Here’s something Scott’s Addition doesn’t hear every day: Happy trails.
After less than a year in business, Idle Hands Bread Co. has vacated its 3103 W. Leigh St. bakery in the increasingly popular neighborhood with plans to move in June to a bigger space at 312 Brook Road in Jackson Ward. Owner Jay Metzler said his sales volume is too high for his current 200-square-foot space where he launched his business in December.
“I wasn’t expecting to do this much business in the first year,” Metzler said, adding that he cranks out about 200 loaves of bread a week. “I think it’s going to be a huge step up with volume and foot traffic.”

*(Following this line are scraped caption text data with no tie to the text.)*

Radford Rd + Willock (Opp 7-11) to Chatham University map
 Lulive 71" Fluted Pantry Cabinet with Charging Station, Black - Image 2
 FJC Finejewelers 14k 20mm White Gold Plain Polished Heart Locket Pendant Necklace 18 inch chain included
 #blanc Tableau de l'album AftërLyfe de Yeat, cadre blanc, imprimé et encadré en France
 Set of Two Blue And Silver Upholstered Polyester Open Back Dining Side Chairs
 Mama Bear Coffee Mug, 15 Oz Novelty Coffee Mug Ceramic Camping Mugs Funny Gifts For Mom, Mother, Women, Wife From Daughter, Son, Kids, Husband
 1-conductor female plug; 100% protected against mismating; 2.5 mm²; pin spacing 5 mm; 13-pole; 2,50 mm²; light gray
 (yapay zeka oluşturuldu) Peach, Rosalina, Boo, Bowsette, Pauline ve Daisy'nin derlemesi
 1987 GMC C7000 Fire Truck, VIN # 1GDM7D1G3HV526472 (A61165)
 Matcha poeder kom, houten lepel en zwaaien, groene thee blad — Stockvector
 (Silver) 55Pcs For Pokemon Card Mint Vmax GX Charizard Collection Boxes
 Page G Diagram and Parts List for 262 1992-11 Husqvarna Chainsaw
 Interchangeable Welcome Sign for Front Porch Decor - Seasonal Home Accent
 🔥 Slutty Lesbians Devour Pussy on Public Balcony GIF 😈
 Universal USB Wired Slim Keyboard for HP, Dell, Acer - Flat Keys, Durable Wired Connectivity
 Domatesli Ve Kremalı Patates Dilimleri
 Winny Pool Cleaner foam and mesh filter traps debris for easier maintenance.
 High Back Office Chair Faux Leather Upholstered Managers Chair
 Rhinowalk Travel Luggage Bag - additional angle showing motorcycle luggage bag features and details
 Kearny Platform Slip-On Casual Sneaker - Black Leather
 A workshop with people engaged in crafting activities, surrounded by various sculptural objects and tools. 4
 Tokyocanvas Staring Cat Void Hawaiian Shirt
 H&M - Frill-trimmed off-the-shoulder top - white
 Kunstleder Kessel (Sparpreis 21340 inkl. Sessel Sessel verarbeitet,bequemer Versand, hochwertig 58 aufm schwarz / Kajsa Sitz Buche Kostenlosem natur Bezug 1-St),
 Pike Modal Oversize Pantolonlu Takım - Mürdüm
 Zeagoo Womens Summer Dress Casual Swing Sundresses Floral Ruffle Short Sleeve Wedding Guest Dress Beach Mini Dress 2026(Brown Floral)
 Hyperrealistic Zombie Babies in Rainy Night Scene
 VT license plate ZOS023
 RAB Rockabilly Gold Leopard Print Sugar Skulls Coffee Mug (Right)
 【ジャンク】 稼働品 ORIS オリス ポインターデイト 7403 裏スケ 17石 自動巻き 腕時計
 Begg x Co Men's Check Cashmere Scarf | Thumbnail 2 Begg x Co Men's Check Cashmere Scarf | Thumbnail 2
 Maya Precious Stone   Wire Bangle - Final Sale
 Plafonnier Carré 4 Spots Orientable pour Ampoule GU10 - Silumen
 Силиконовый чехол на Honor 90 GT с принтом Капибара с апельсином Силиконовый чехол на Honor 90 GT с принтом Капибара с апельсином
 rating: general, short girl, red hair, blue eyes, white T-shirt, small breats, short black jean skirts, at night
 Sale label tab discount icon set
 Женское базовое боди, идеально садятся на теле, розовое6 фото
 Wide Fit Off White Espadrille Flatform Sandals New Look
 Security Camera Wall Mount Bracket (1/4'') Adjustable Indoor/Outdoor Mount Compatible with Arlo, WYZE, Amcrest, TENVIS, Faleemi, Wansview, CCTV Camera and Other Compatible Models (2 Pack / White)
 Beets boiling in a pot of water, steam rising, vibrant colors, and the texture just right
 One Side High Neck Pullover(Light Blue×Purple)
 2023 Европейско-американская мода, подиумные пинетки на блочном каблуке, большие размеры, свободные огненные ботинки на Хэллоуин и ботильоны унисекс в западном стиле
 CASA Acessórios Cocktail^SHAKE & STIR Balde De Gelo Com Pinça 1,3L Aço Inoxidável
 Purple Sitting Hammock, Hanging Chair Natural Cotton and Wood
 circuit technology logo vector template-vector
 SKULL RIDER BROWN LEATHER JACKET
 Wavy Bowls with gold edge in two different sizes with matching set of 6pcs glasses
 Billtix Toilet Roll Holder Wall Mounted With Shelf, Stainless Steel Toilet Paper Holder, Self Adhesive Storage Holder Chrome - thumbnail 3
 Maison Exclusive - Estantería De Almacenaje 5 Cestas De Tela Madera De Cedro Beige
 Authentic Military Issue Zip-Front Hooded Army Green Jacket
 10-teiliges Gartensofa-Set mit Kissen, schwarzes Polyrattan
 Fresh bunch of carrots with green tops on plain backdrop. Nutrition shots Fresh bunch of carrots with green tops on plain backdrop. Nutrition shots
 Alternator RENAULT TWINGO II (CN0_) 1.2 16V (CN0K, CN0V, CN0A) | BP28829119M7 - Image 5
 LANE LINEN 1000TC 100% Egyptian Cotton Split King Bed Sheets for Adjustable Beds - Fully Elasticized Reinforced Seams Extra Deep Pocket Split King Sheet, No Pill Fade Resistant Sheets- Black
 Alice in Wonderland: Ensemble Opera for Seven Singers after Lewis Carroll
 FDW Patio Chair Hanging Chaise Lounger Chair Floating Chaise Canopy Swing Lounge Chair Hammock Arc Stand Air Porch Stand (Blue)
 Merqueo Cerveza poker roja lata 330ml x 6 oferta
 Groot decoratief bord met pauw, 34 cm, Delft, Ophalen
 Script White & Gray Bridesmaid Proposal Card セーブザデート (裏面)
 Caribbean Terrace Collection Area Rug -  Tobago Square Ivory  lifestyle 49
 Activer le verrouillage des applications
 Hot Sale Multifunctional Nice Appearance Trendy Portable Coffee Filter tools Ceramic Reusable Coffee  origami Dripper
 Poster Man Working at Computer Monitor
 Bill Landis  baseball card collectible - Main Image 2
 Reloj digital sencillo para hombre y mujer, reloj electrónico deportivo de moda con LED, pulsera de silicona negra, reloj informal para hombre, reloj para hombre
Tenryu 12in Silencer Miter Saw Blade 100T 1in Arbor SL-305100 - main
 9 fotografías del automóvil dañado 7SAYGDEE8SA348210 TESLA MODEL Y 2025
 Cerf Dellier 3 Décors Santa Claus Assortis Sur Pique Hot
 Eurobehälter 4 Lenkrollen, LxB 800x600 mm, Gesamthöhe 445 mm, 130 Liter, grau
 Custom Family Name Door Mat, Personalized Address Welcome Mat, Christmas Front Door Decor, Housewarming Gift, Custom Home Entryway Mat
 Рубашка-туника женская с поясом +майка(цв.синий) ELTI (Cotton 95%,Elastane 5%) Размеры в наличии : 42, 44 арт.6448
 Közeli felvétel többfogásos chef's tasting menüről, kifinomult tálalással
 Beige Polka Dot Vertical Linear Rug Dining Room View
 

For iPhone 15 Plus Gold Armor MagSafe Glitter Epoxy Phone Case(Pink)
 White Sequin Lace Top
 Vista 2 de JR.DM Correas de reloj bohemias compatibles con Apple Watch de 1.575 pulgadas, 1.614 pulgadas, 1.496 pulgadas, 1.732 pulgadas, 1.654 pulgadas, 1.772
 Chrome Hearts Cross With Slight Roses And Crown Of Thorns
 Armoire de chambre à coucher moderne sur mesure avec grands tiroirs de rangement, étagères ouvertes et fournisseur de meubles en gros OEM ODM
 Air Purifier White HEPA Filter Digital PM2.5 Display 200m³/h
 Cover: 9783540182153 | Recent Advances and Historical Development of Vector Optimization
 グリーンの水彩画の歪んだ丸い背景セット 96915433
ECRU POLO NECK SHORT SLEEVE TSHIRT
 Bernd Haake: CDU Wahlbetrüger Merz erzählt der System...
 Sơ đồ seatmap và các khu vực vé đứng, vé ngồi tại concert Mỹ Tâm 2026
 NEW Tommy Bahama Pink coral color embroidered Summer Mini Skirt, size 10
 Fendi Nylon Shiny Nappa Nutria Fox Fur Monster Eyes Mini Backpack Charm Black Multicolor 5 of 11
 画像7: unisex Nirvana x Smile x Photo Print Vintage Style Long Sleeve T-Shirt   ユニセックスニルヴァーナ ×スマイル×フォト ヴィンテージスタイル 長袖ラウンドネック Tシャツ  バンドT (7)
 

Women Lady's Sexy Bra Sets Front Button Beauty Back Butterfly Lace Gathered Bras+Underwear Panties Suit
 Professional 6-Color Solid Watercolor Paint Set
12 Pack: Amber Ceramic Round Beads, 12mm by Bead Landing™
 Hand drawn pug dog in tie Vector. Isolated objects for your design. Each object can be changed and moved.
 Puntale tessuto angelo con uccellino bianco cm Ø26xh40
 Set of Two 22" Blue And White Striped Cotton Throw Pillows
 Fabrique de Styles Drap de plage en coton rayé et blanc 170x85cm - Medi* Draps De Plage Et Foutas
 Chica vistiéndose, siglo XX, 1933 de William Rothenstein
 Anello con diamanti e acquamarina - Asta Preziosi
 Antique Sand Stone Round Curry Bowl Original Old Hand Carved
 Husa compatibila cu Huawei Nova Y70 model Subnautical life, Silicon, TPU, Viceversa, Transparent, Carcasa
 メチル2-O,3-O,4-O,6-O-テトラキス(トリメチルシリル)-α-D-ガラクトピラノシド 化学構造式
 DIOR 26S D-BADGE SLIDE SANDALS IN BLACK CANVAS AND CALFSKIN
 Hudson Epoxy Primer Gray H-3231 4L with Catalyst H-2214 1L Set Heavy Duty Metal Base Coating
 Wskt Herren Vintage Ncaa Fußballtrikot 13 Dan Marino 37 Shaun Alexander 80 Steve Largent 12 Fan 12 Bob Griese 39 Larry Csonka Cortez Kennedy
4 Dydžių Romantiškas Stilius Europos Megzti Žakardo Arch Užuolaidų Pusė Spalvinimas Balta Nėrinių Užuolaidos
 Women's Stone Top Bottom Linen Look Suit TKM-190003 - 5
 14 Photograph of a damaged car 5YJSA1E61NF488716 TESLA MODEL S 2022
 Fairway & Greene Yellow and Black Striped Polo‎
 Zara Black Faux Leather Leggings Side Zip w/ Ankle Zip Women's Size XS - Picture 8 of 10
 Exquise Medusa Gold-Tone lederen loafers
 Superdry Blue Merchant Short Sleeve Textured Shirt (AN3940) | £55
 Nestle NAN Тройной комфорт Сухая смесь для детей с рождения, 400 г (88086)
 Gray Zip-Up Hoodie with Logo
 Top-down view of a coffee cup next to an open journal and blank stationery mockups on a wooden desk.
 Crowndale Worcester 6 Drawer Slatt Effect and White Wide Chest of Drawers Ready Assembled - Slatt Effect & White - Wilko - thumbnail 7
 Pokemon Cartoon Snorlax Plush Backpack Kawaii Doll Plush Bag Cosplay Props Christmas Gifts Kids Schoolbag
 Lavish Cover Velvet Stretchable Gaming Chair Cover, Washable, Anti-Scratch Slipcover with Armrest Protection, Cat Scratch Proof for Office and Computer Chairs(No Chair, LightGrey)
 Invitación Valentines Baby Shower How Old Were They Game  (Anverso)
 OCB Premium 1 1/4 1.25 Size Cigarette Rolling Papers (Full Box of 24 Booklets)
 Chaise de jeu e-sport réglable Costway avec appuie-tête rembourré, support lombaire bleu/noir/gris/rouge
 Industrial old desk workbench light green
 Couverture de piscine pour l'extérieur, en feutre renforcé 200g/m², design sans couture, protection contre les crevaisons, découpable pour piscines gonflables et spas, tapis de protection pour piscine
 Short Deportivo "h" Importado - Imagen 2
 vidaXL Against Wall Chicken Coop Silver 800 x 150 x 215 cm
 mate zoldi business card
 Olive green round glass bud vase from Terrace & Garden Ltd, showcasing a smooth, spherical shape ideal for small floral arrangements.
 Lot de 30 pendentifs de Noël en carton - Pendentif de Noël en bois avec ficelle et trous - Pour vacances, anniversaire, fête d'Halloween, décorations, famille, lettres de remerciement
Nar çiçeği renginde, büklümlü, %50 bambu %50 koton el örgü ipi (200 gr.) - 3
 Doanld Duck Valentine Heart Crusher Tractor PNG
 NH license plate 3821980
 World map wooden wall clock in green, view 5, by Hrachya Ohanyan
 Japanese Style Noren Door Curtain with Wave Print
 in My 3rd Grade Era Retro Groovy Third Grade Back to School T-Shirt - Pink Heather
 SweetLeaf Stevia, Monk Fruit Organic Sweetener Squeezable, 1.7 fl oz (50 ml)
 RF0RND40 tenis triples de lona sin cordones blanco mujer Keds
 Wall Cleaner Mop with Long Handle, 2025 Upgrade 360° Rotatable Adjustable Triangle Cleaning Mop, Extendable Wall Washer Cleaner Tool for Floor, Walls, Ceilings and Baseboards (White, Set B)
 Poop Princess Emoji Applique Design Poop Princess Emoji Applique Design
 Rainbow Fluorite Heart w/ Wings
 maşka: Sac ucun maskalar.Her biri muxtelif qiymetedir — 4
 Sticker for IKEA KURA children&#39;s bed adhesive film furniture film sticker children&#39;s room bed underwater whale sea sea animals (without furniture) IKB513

Metzler, 38, said he originally hoped to stay in Scott’s Addition, but a visit to the Arts District persuaded him to move to lease the 850-square-foot space along Brook Road that’s near other local haunts like Saison, Max’s on Broad and Comfort. Metzler said Scott’s Addition is still finding its footing in the retail game.
“I don’t think it’s necessarily conducive quite yet to daytime retail,” he said.
Metzler said his new space will allow him to expand his product line, which currently consists mostly of breads that sell for about $6. Idle Hands has six wholesale accounts with vendors around Richmond and also sells out of its storefront.
The company isn’t the only one exiting Scott’s Addition as others clamor to get in. The Richmond Cycling Corps is moving in November from its space at 1717 Summit Ave. to 2123 Fairmount Ave. in Church Hill. The nonprofit bought the 4,000-square-foot building in March for $160,000.
RCC will use the space as a headquarters for its competitive cycling programming for middle school and high school students. Plans call for renovating the space to have meeting areas for students to do school work or socialize, and space to store more than 50 bicycles. The renovations will be financed by Virginia Credit Union, and RCC is in the midst of a capital campaign to raise $310,000 to help pay for the debt.
RCC opened in Scott’s Addition in 2011 as a counterpart to owner Craig Dodson’s for-profit business Richmond Pro Cycling, which will remain in Scott’s Addition.
Matt Crane, RCC’s director of development, said the move was prompted by a desire to be closer to where the 15 or so youths in the nonprofit’s core programming actually live. RCC also works with another 15 to 30 youths on a less formal basis.
“We’re five miles away form the kids we serve,” Crane said of RCC’s current location. “(Now) we have a location for them in their neighborhood they can access and use for whatever they might need.”